SCM改革はなにより戦略構築の明確化から 業務改善の前に検討すべき5つの要素:新時代のサプライチェーンマネジメント戦略(2)(3/4 ページ)
さまざまな企業課題に対応すべく、サプライチェーンマネジメント(SCM)のカバー領域や求められる機能も変化している。本連載では、経営の意思を反映したSCMを実現する大方針たる「SCM戦略」と、それを企画/推進する「SCM戦略組織」、これらを支える「SCM人材」の要件とその育成の在り方を提案する。
(2)パートナー戦略
「パートナー戦略」を一言でいえば、「どのような場合自社で製造し、どのような場合は外注に任せるのか」の大方針を明らかにすることだ。具体的には、自社工場で製造ノウハウを蓄積しつつ生産を続けるのか、それとも極力自社資産としての生産拠点を持たず、積極的に委託生産に切り替えていくのかを、製品ライフサイクルとの関係性と共に整理する(図4)。
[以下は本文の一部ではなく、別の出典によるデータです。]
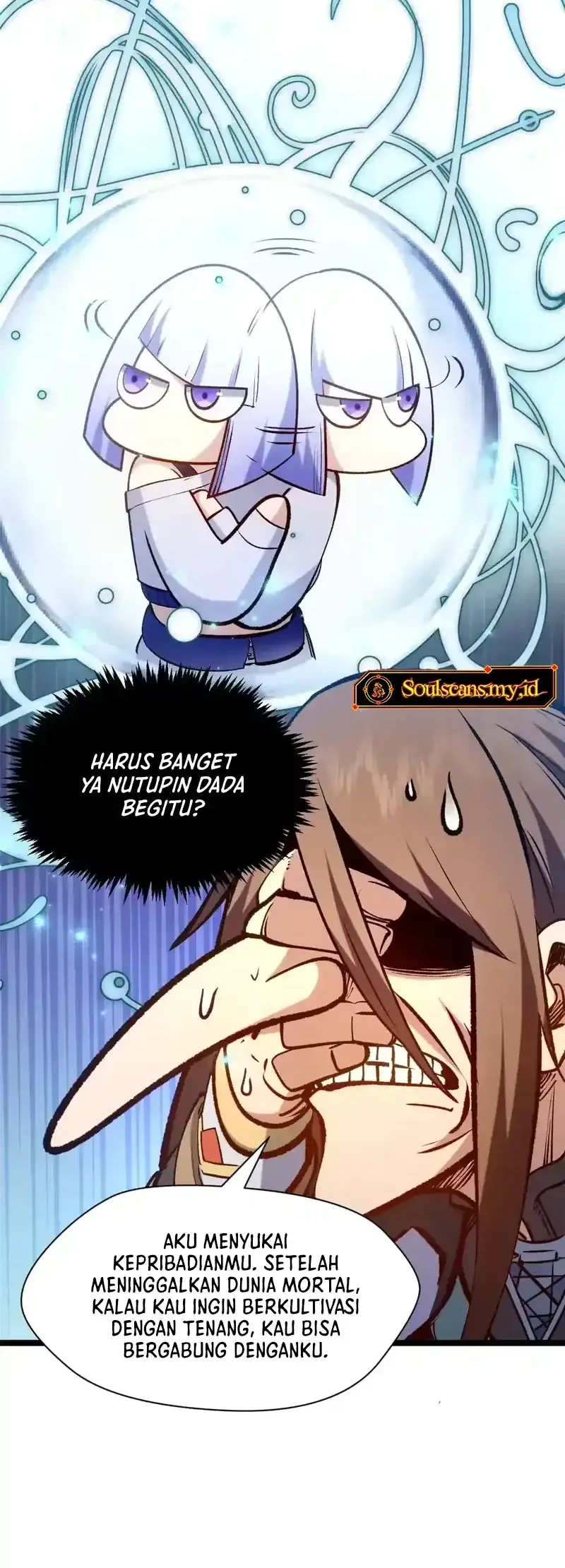 Top Tier Providence: Secretly Cultivate for a Thousand Years Chapter 261 - halaman 37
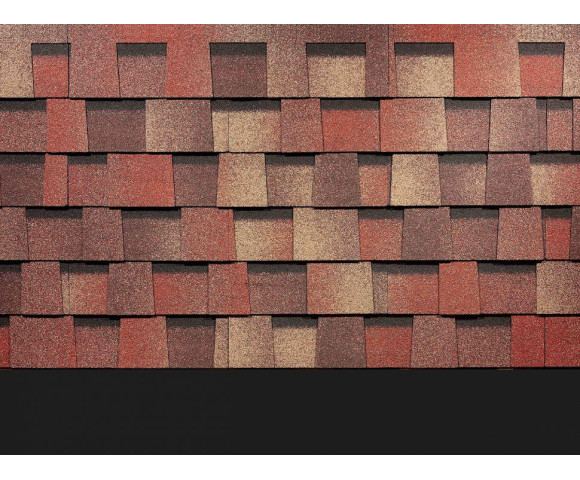 Ламинированная черепица Docke Dragon Premium Мускат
これにより、サプライチェーンのどこからどこまでを自社が担い、どこから他社に委ねていくのかが明確になり、中長期的なサプライチェーンの在り方を検討していく上での「議論の土台」を固めることができる。但し、本戦略は技術部門や調達部門の所掌範囲と重なる部分が大きいため、これらの部署と調整の上で具体化しておくことが望ましい。
(3)サービスレベル
「サービスレベル」とは、顧客の出荷要求にどれだけの確率で対応できるようにするかを数値目標化したものだ。一般に、顧客の納期要求は供給側の事情とはお構いなしだ。それでも顧客が発注から納入までどの程度の期間を期待するのか、自社の販売計画に対しどの程度の上振れが生じそうかを予測し、適切に在庫を構えておくことができれば、納期順守率は高まり顧客満足度を高めることができる(逆に、顧客満足を一切無視すれば在庫は不要である)。
一方、顧客の要求に100%対応しようとすれば、在庫は限りなく大きくなってしまい、資産効率が大きく悪化する。また、経営管理上の棚卸在庫は少ないほど望ましいため、財務部門は在庫過多に陥りがちなSCMの現場に対し、極端な在庫のスリム化を要求する傾向にある。
そこで、「サービスレベル」という数値目標(本来顧客ごとに異なるが、ここでは事業全体の標準としての目標水準を指す)を定義することで、顧客満足と、財務管理上望ましい(許容できる)在庫水準のバランスを、このサービスレベル調整を通じて合意〜コントロールすることができる。